^THE SENATE IS WHERE PROGRESS SINKS IN QUICKSAND@<
^(For use by New York Times News Service clients)@<
^By BOB FRANKEN@=
^C.2011 Hearst Newspapers@=
WASHINGTON _ It was nice to see that House members could play nice and have their debate over health care repeal without gang warfare. Still, are the Democrats and Republicans really ready to sit next to each other during an entire State-of-the Union speech next Tuesday?
In a letter to colleagues, Sen. Mark Udall, D-Colo., wrote: ``Beyond custom, there is no rule or reason that on this night we should emphasize divided government, separated by party, instead of being seen united as a country.’’
That's all well and good but is it pushing our luck to put these momentarily subdued warriors within physical reach when they jam into the crowded House chamber to listen to President Obama?
What happens when one partisan leaps up to cheer, while the other one sits there like a bump on a log? In other words, do we risk a hostility relapse?
Besides, we can take this pretend politeness too far. Look no further than the exaggerated chivalry in the Senate. It's in the rules: ``No senator in debate shall, directly or indirectly, by any form of words impute to another senator or to other senators any conduct or motive unworthy or unbecoming a senator.’’
It's called ``comity’’ and it's transparently contrived.
The next time you're having an insomnia problem, don't pop an Ambien or Lunesta. Instead switch your TV to Comity Central, otherwise known the C-SPAN feed of what traditionally is called the “World’s Greatest Deliberative Body.” That's ``deliberative’’ as in stupefyingly glacial. Guaranteed, you'll be unconscious in no time. Meanwhile, on the screen, the members will be still referring to their arch enemies as ``my friends.’’
They illustrate the problem of going overboard with this civility thing: All too often, the Senate is where progress sinks in quicksand. The ostentatious gentility of the place becomes a not-so-gentle weapon used to camouflage how an individual member protects parochial interests and campaign contributors instead of furthering the greater good.

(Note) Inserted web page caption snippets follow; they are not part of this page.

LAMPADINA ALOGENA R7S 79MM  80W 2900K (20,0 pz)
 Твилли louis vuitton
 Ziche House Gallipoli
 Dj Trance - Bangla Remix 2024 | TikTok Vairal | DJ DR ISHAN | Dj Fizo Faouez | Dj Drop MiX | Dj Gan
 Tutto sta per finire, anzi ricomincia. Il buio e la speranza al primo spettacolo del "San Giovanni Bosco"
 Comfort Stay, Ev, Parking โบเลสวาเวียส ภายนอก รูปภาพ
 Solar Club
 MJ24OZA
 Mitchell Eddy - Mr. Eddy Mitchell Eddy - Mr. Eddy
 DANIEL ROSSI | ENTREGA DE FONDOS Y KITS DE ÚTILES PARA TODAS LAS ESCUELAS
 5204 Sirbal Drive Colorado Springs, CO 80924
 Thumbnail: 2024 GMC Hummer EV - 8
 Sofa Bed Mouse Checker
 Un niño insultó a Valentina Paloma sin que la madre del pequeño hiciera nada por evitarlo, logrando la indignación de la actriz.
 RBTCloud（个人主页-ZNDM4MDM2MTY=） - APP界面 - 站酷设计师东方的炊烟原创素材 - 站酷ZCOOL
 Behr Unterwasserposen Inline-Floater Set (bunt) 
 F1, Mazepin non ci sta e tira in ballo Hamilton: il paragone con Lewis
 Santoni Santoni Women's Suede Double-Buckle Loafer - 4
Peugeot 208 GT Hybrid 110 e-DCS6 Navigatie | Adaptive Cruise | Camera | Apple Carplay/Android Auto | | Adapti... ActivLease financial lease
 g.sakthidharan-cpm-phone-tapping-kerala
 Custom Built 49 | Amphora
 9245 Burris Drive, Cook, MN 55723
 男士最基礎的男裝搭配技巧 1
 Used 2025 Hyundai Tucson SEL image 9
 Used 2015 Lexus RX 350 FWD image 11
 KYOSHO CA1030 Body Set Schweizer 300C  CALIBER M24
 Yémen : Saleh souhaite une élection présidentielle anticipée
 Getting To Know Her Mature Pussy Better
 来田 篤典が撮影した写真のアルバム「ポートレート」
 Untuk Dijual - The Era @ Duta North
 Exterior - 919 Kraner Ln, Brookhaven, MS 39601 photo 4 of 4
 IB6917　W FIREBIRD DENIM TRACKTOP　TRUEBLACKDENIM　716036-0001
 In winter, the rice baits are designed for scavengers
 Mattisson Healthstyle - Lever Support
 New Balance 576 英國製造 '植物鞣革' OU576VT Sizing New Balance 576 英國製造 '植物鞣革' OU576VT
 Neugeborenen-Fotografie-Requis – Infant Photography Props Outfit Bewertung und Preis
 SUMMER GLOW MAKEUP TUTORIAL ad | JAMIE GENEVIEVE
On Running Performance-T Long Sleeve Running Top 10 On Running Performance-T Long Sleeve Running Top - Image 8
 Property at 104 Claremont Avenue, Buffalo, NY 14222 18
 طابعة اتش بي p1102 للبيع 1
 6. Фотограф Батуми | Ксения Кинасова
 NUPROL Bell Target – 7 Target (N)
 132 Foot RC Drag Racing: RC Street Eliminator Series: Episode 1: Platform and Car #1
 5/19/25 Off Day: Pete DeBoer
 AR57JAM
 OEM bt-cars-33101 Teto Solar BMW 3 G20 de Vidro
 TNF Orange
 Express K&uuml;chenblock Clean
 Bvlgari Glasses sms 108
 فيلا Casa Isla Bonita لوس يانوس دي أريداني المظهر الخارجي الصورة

There's a lot of greater good that needs to be furthered. We need for our leaders to be forthright about confronting the dangers that threaten our country. At some point, for instance, they're going to have to make really difficult decisions about rescuing the nation from fiscal disaster. There is still a lot of unfinished squabbling ahead over the proper amount of regulation to protect against the unscrupulous without placing undue burdens on those who are honest.
It can be done without violent rhetoric and vacuous sloganeering, but our elected officials need to be direct with one another for all of us to see, as they debate the pros and cons of specific severe budget cuts and tax increases.
There are huge differences that can't be glossed over. Whether it's in the congressional forum or media, we need the arguments to be blunt but coherent. If we're going to soften the hard feelings we must be open about them. Then and only then would our public officials be able to lead by cobbling together intelligent compromises.
Let's face it: Skepticism abounds. A CNN-Opinion Research poll released Monday, a little more than a week after the Tucson massacre showed that a full 70 per cent of the respondents believe the new less-bellicose tone will last ``...for a few weeks or months but that change will not last very long.’’
The Senate sleep remedy, like the pills, also has side effects: potential depression, certain boredom. If they last more than four hours, don't call your doctor. Instead, call your elected official, and demand they act instead of bluster.
Our nation is suffering a lot of illnesses. To recover our health there will need to be tough remedies and painful concessions by all sides. Sitting together will have to become a lot more than just symbolism. We'll really need to start standing together.